The way I incorporated this functionality into scanpy/preprocessing/_simple.py might be questionable, and would love any suggestions or advice on how to better integrate this if there is interest in pushing this PR through. Let me know!

@ivirshup
Copy link
Member

ivirshup commented Feb 21, 2020

Thanks for the PR! This looks really interesting. I've got a couple questions:

  • Why not submit this to scikit-learn? In general I'd be more confident in their vetting.
  • This should work with other solvers from scipy, like lobpcg, right?
  • Could you provide some benchmarks on time, memory usage, and accuracy?

From a brief benchmark on my end, this looks very good from a memory usage perspective, with similar compute times. The components also seem highly correlated, but the components are scaled differently. Would you mind commenting on that?

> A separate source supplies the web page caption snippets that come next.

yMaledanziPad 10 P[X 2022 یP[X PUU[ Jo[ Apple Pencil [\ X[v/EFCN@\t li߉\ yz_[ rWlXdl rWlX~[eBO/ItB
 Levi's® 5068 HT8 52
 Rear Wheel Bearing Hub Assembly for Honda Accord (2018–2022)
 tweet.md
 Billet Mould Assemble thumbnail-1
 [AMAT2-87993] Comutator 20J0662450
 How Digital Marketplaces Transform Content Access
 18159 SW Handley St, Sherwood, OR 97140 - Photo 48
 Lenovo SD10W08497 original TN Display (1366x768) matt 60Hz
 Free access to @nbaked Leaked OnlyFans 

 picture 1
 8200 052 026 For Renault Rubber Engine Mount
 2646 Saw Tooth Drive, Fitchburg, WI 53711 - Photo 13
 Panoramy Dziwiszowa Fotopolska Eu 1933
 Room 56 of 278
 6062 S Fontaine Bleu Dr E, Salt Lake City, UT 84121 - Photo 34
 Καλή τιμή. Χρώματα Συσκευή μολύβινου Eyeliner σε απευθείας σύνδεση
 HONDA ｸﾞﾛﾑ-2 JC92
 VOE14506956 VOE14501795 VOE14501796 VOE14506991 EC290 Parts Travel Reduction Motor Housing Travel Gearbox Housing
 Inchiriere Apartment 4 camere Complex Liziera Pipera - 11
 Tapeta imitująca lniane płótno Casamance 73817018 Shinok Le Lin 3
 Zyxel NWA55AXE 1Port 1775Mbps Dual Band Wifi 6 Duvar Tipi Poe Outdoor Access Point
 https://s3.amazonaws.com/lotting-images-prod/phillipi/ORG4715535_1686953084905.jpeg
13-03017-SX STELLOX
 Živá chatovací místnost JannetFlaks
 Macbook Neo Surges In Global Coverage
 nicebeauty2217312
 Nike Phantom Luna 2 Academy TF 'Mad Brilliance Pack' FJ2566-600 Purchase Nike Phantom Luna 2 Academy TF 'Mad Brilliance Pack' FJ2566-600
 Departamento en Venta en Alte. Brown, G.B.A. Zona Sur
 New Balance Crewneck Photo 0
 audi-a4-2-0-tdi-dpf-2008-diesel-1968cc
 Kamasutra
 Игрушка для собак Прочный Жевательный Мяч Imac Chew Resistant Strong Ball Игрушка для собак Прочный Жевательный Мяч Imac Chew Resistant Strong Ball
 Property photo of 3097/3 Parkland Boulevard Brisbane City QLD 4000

Edit: It seems like the factors are making our nearest neighbor network quite different. It also looks like the calculated variances are different.

@atarashansky
Copy link
Author

atarashansky commented Feb 21, 2020

Great catch! I messed up and forgot to sort the singular values prior to scaling U. The components should be more or less the same now.

To answer your other questions,

  • Submitting this PR to scanpy seemed like lower-hanging fruit since I'm much more familiar with your codebase. sklearn has also had a PR on this topic out for a long time and it just does not seem to budge. Allowing sparse support for PCA doesn't seem to be high on their priority list(?). If sklearn does eventually allow for PCA on sparse inputs, it would be really easy to replace the call to my function with a call to sklearn's implementation instead.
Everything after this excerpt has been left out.